Tutuklamanın ve davaların hipokrat yeminine ve hekimlik değerlerine yapılan bir saldırı olduğunu belirten Selma, “Hekimlik değerlerinin en önemlisi hiçbir ayrım yapmaksızın herkesin sağlık problemleriyle ilgilenmektir. Bize yönelik mesleğimizi yaparken hiçbir baskıyı kabul etmemektir ve baskı uygulayanların tarafını değil, hastanın tarafını tutarak çalışmaktır. Bu son durumda da Şebnem Korur Fincancı Adli Tıp profesörü olarak öğrencilerine hiçbir ayrım yapmadan ve herkes için doğru neyse onu rapor etmeleri ve kamuoyuyla paylaşmayı öğretiyordu ve onu uyguladı. Gerçekler siyasal iktidarın hoşuna gitmiyordu.
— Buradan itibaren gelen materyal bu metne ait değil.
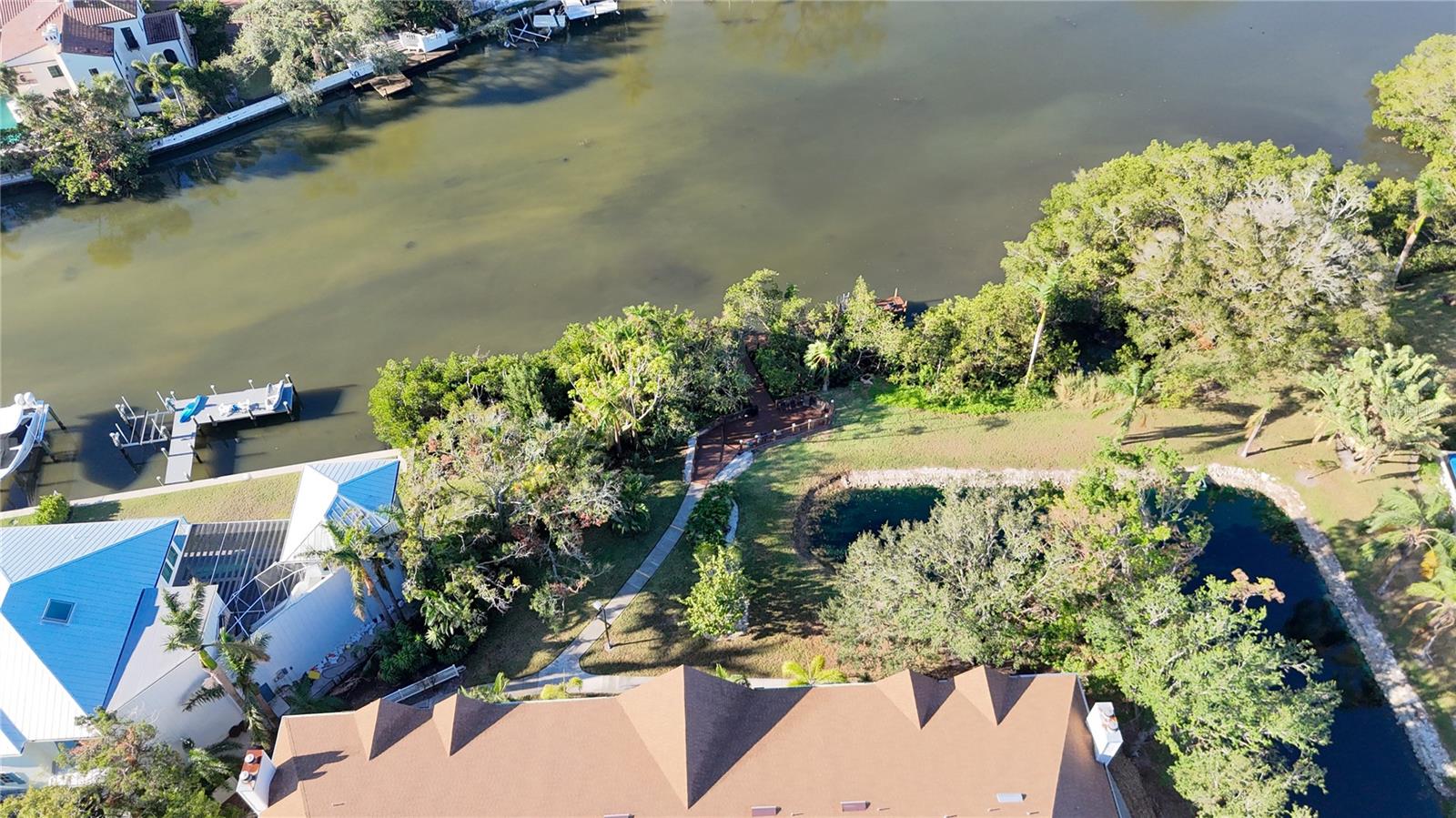 850 S TAMIAMI TRL #402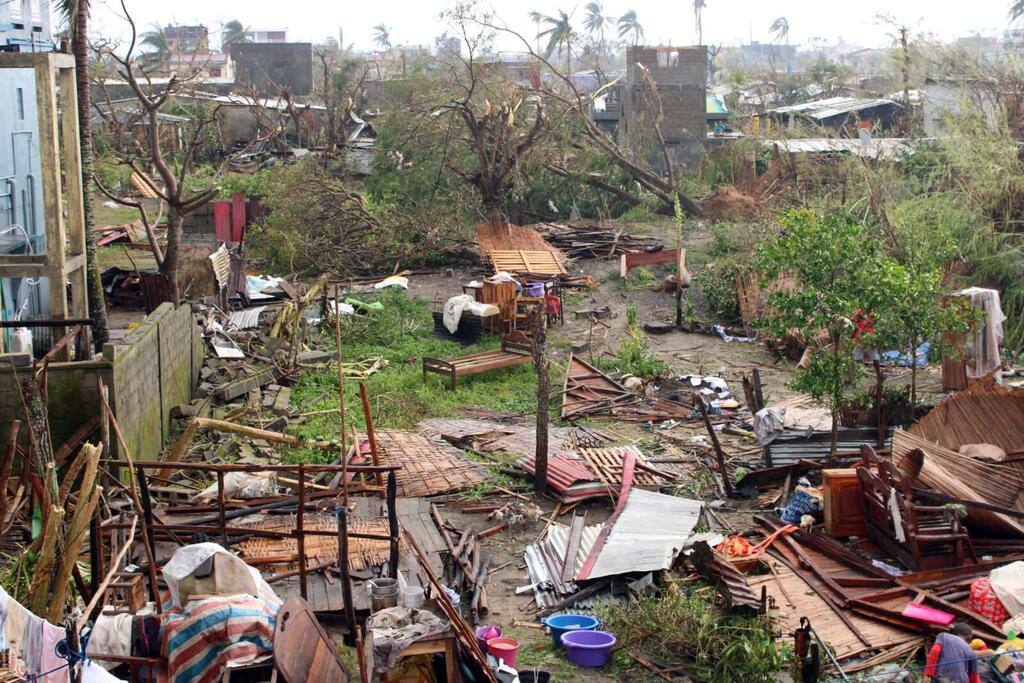 La destruction généralisée des logements et des infrastructures essentielles est visible dans les districts touchés du nord-est de Madagascar à la suite de l'impact du cyclone Gezani. Après que le cyclone Gezani a frappé Madagascar, la destruction généralisée est visible avec des arbres déracinés, des toits effondrés et des débris éparpillés dans les quartiers de Toamasina.L'Organisation internationale pour les migrations (OIM) déploie des équipes d'intervention d'urgence pour soutenir les communautés touchées.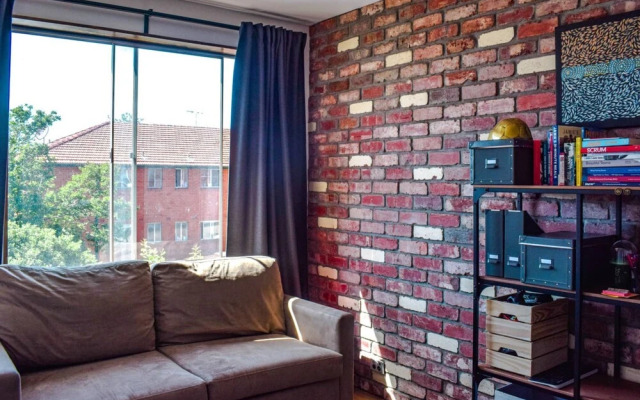 Stylish Modern 1 Bedroom Apartment in Marrickville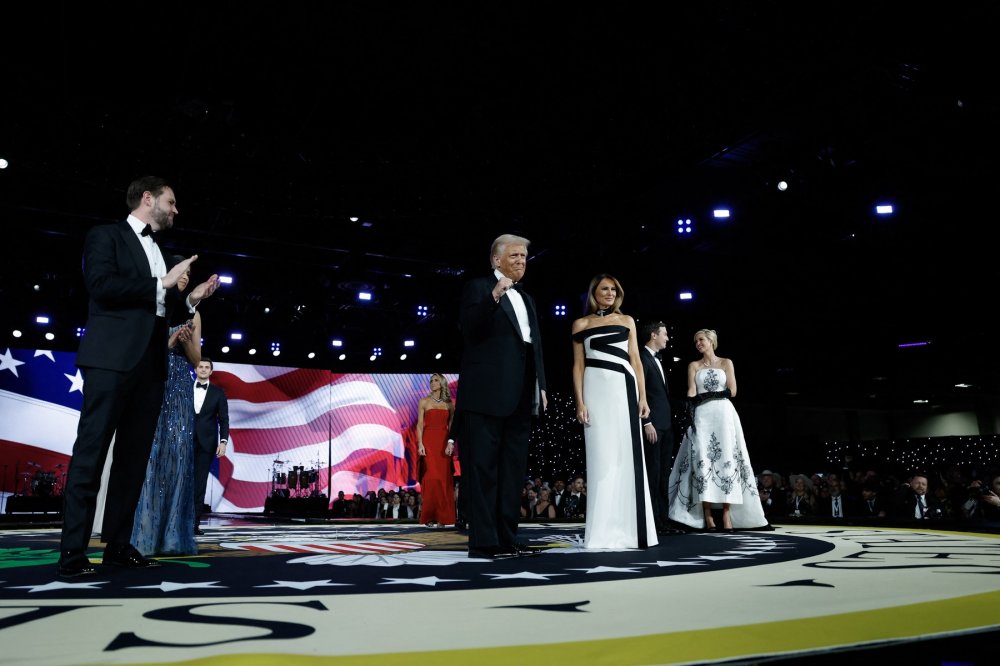 Prezident Donald Trump a první dáma Melania Trumpová na plese.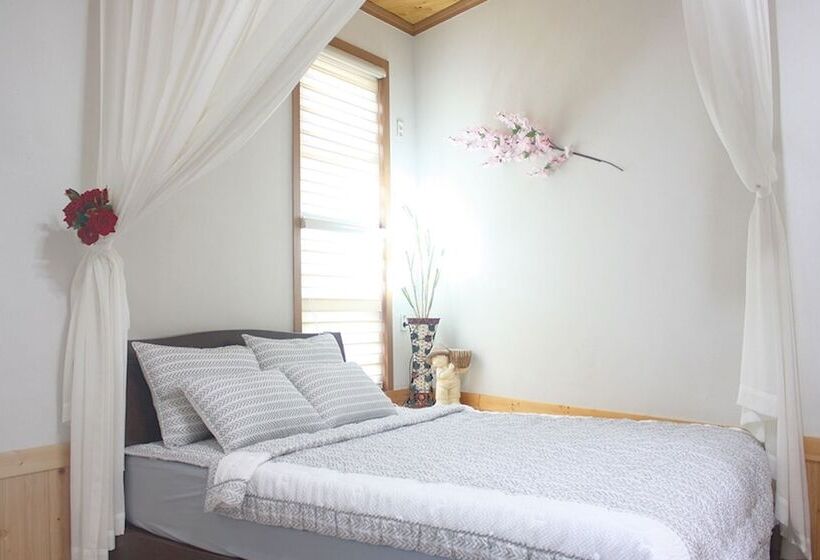 بنسيون Namhae Myeongpum Guest House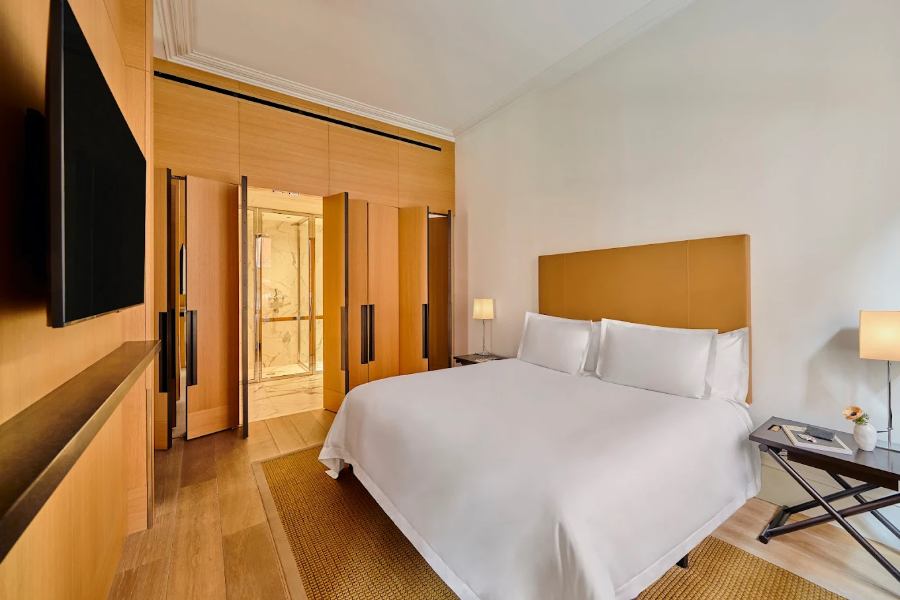 THE MERCER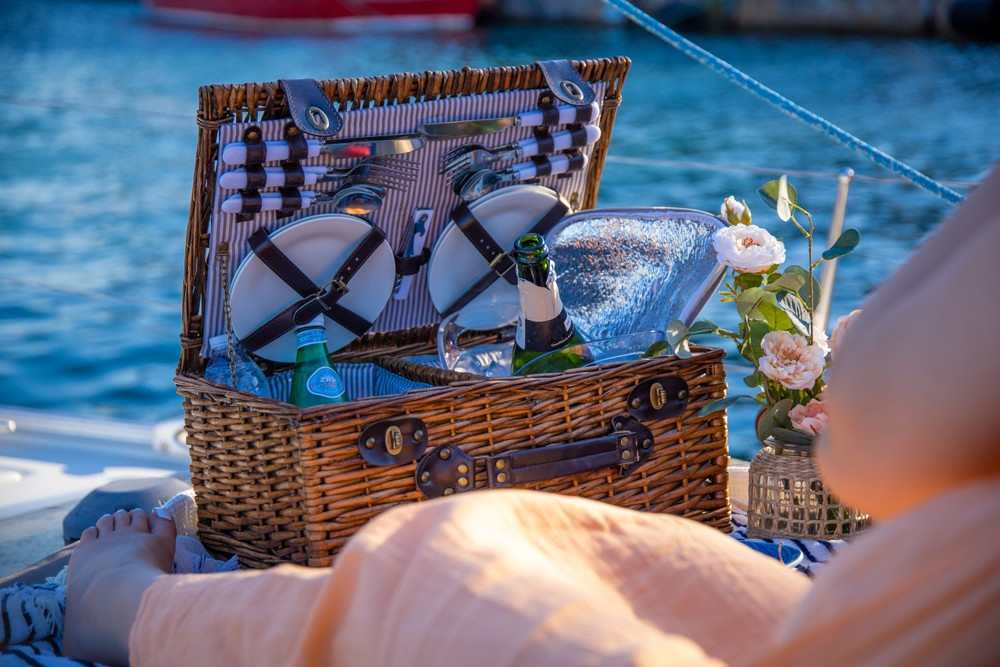 Private Sailing and Picnic Experience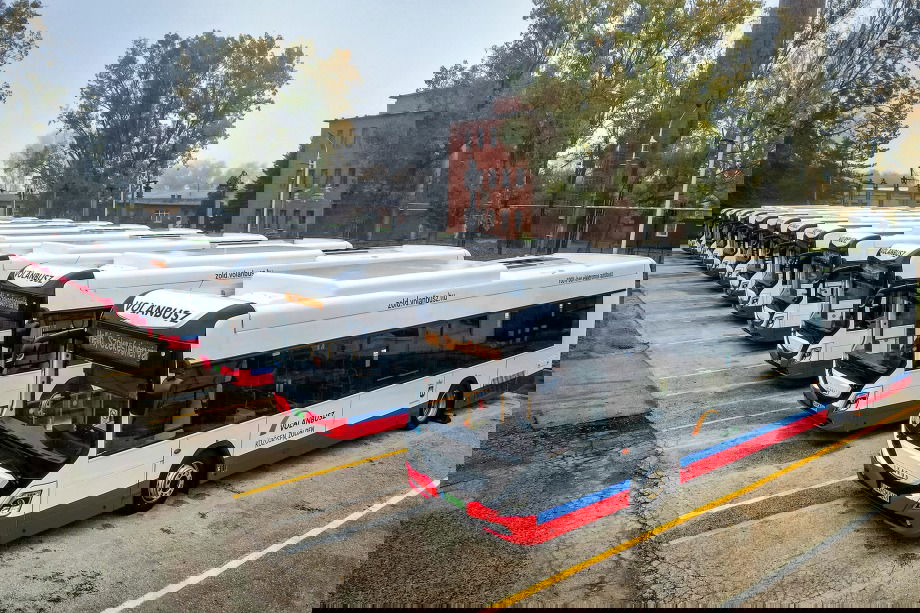 Teljes a székesfehérvári elektromos Ikarus 120e-flotta 1 Szekesfehervar 12 elektromos busz Volanbusz 20221027 02 Foto MAV 2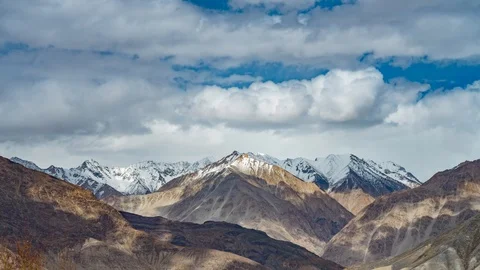 Mountain landscape background this way go to Nubra Valley, Leh Ladakh, India 库存影片 107479534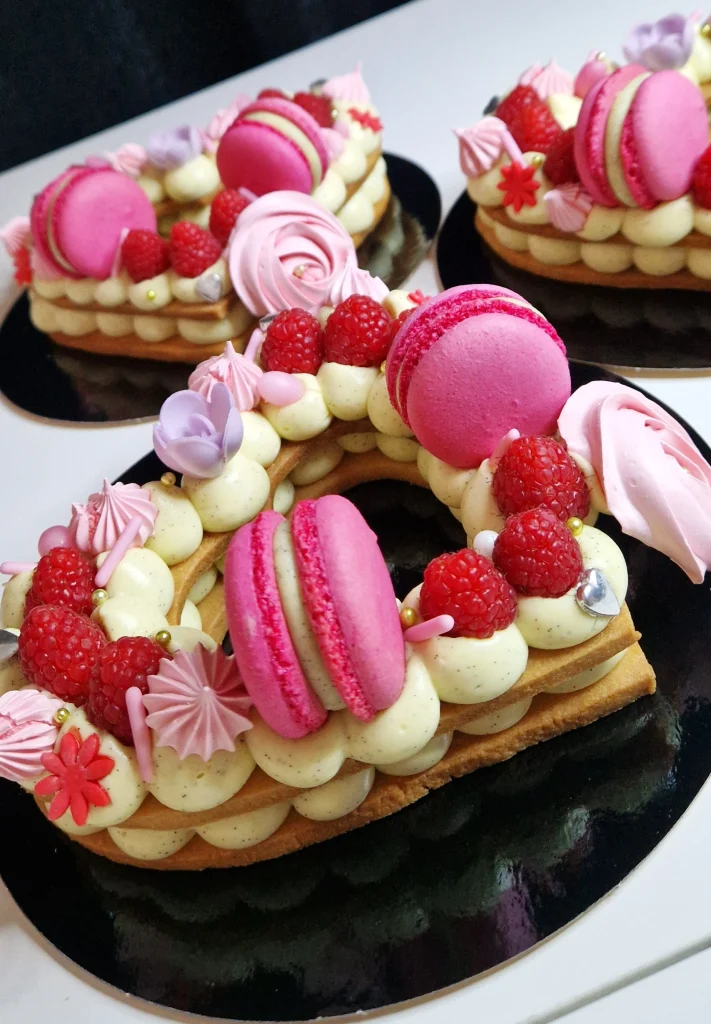 Des biscuits garnis coeurs gourmands vanille framboise meringue et macarons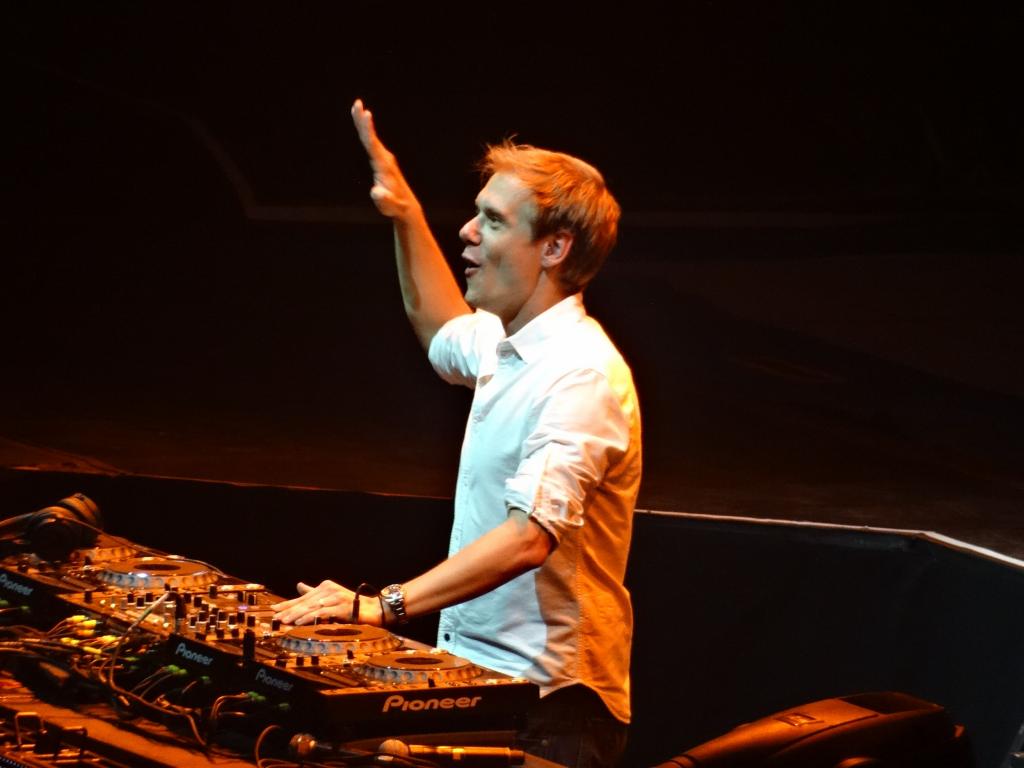 360 - 20140501 Armin Only San Jose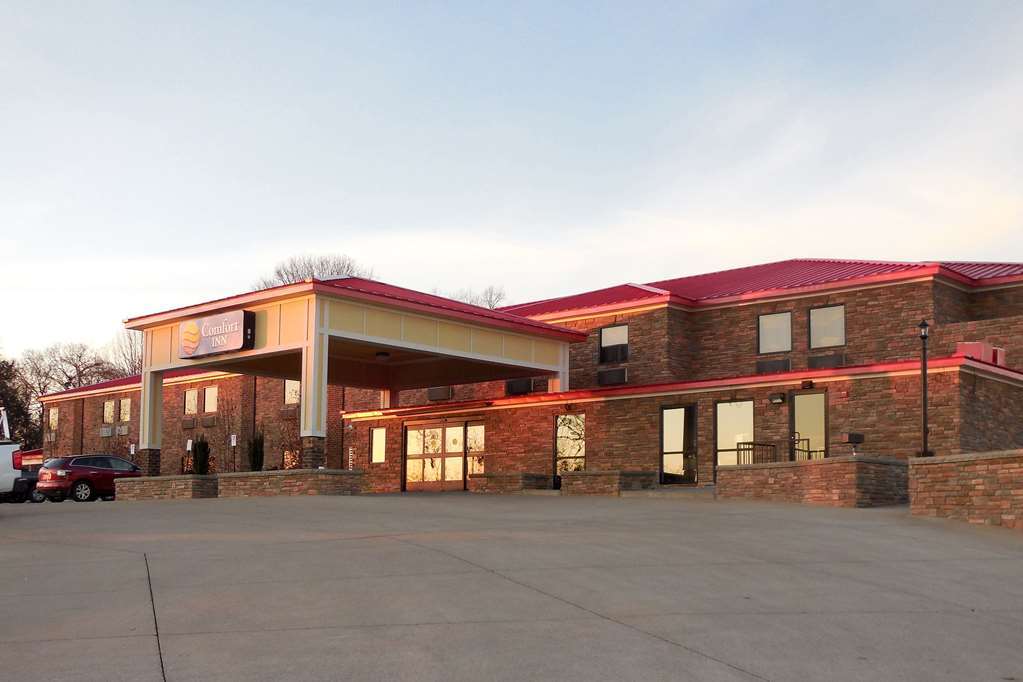 Giles Hotel Inn And Suites Pulaski Экстерьер фото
Bundan dolayı da cezalandırıldı” diye konuştu.  
 
‘TTB Sağlık Bakanlığı’nın müdürlüğü haline getirilmek isteniyor’
 
TTB’ye yapılan baskıların ise TTB Merkez Komite üyelerini susturmak, TTB’yi Sağlık Bakanlığı’nın bir müdürlüğü haline getirmek üzere yapıldığını kaydeden Selma “Bu baskı kurma meslek örgütlerine 12 Eylül ile getirilmiştir. Demokratik kitle örgütlerini darbe mantığı ile denetleme yöntemidir. Bunu siyasal iktidar da kullanarak dava açmıştır” ifadelerini kullandı. 
 
‘Yasal düzenleme getirmek isteyebilirler’
 
TTB’yi kapattırmayacaklarını belirten Selma, “Merkez Komite Üyeleri demokratik şekilde seçildiler. Hiçbir güç bize rağmen onları alamayacak” dedi. Selma, Türkiye Barolar Birliği’ne (TBB) getirilmek istenen düzenleme gibi TTB’ye  ilişkin de farklı bir yasa taslağından bahsedildiğini ancak henüz Meclis’e getirilmediğini ancak böyle bir saldırı beklediklerini söyledi.